The relationship of primary to secondary jobs in each industry are derived in the base year of 2011-12, and differential growth rates in Gross Value Added are applied to these relationship ratios to account for growth and decline in industries in respect of primary jobs, and to reflect change in the relative share of secondary jobs. These updated distributions are used to allocate the relevant quarterly Labour Force Survey secondary job holdings to each industry, to estimate the total number of filled jobs in each industry.
Jobs held by employed persons who hold three or more jobs are included in the total number of jobs in the Australian Labour Account. The industry allocation, based on LEED proportions, distributes the total number of jobs to industry of second job only. Allocation based on LEED industry of third, fourth and additional jobs is an area for improvement for future Australian Labour Account compilation.
Where relevant, data are sourced from information collected in the Labour Force Survey in the last month of the relevant quarter, and apportioned across the industries using the related quarterly labour force industry data.
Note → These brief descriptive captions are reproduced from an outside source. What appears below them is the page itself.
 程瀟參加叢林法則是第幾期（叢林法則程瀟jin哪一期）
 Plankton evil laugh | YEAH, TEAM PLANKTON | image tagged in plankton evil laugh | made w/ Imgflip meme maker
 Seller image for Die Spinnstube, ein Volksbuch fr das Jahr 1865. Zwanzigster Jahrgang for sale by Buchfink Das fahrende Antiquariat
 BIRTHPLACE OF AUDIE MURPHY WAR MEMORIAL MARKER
For example, estimates in the September quarter Australian Labour Account are sourced from September month Labour Force data (ABS cat. no. 6202.0), which are then distributed across industry divisions from the industry distribution of quarterly data captured in the August Labour Force Survey published in Labour Force, Australia, Detailed, Quarterly (ABS cat. no. 6291.0.55.003).
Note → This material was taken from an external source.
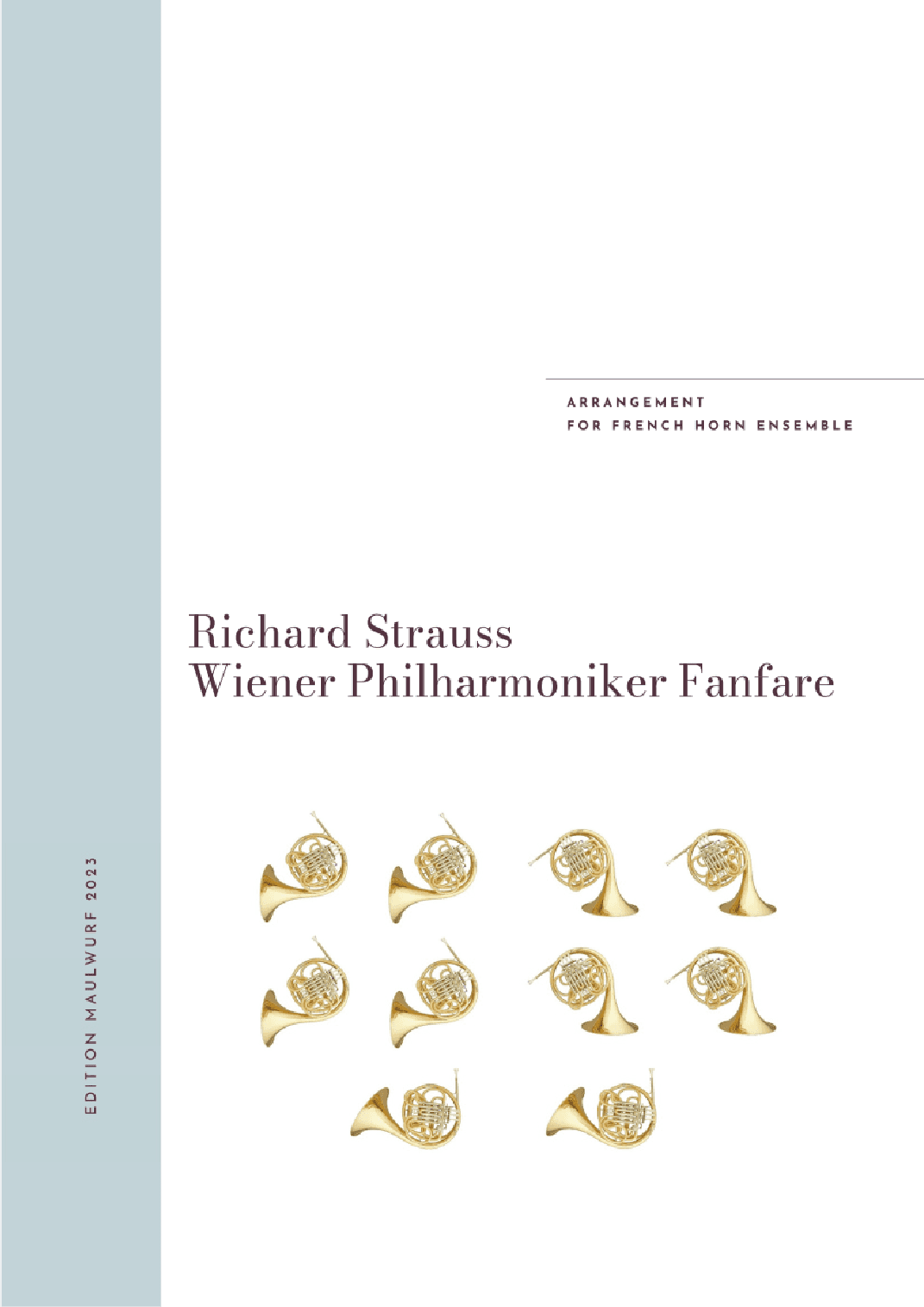 Wiener Philharmoniker Fanfare (arr. Edition Maulwurf)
There is currently no household side information available on the number of jobs with job sharing arrangements. As a result, the total number of filled jobs is equivalent to the sum of reported main jobs and secondary jobs, plus scope adjustments. As with the business side, shared jobs on the household side would be counted as many times as there are people engaged in such arrangements.
Annual Jobs Methods
The Jobs quadrant contains stock data, which are data that measure certain attributes at a point in time. To determine an annual estimate of jobs in this quadrant, an average level is derived using a simple arithmetic average of the four quarterly estimates. Refer to Labour Account Methods for an example of this method.
The annual estimate of jobs is an approximate estimate of the number of jobs at any point in time during the year.